Rifiutato da mamma asina, Astro compie il suo primo mese di vita con una famiglia molto speciale




Nessuno ci avrebbe mai creduto. E intanto ha già compiuto il suo primo mese di vita. Il 24 dicembre, sulle alture di Genova, non è nato Gesù bambino ma un asinello.


È stato battezzato con il nome di Astro per la luce che emana. Non si tratta di un puledro qualunque, ma di un puledro rifiutato, un non amato.
Succede agli umani e a quanto pare anche agli animali: mamma asina, per motivi occulti, forse a causa di un parto difficoltoso e doloroso, ha deciso di non occuparsene. Lo respinge scalciando con tutta la sua forza, raglia e si rifiuta di accudire il suo piccolo. Così, per il bene della mamma e del puledro, sono stati prontamente separati.







Astro ha subito trovato una casa amorevole e due cuori grandi, oltre a un divano: quelli di Donatella e Mattia, i suoi amici umani.
La coppia, subito dopo il parto, ha tentato di riavvicinare Astro alla madre, ma la loro relazione sembrava essere irreversibilmente compromessa.
Mamma asina con tutte le sue energie ha detto di no! Non voleva o forse poteva occuparsi del suo puledro.
Astro è stato trasferito in casa, anche perché le temperature erano veramente proibitive per la sua salute da neo-nato.
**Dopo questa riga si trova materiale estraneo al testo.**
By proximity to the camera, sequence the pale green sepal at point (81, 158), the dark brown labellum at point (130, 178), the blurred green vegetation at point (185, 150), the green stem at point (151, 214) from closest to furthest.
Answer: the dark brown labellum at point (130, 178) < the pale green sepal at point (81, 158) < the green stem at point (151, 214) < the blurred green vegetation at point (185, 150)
I veterinari sono stati chiari e anche lapidari. Hanno detto, di concerto, che il puledro non sarebbe mai sopravvissuto senza il colostro e il latte della madre, ma Donatella, Mattia e Astro si sono stretti nella morsa di un unico abbraccio e non hanno mai mollato.
Il piccolo è un guerriero, sembra non risentire della separazione dalla madre e affronta tutto con un entusiasmo e un coraggio da diventare un esempio per tutti.
Viene allattato ogni due ore con latte in polvere per puledri arricchito di vitamine e tanta cura. Dopo il catastrofico parto, mamma asina è stata munta per dare al piccolo almeno il colostro. E anche lei, pian piano, sta recuperando il suo equilibrio e il suo benessere.





Turni, amore e fantasia
Astro ha bisogno di tutto: biberon, cappottino e passeggiate in giardino per i bisogni. Il tutto ogni due ore: di giorno e di notte.
I bisogni sono un lavoro estenuante: dopo ogni abbondante poppata, il piccolo Astro deve fare la pipì.
Gli viene messo il cappottino, perché da quelle parti c’è molto freddo - lui è piccolo e con le difese immunitarie sicuramente più fragili di un puledro allattato dalla madre -, viene portato fuori, tra i boschi di casa e poi riportato subito al caldo, dentro casa.
Per fortuna sul pavimento di casa scivola quando allarga le zampe per tentare di fare la pipì, così preferisce il terreno. L’eventuale allagamento dei pavimenti di casa è momentaneamente scongiurato.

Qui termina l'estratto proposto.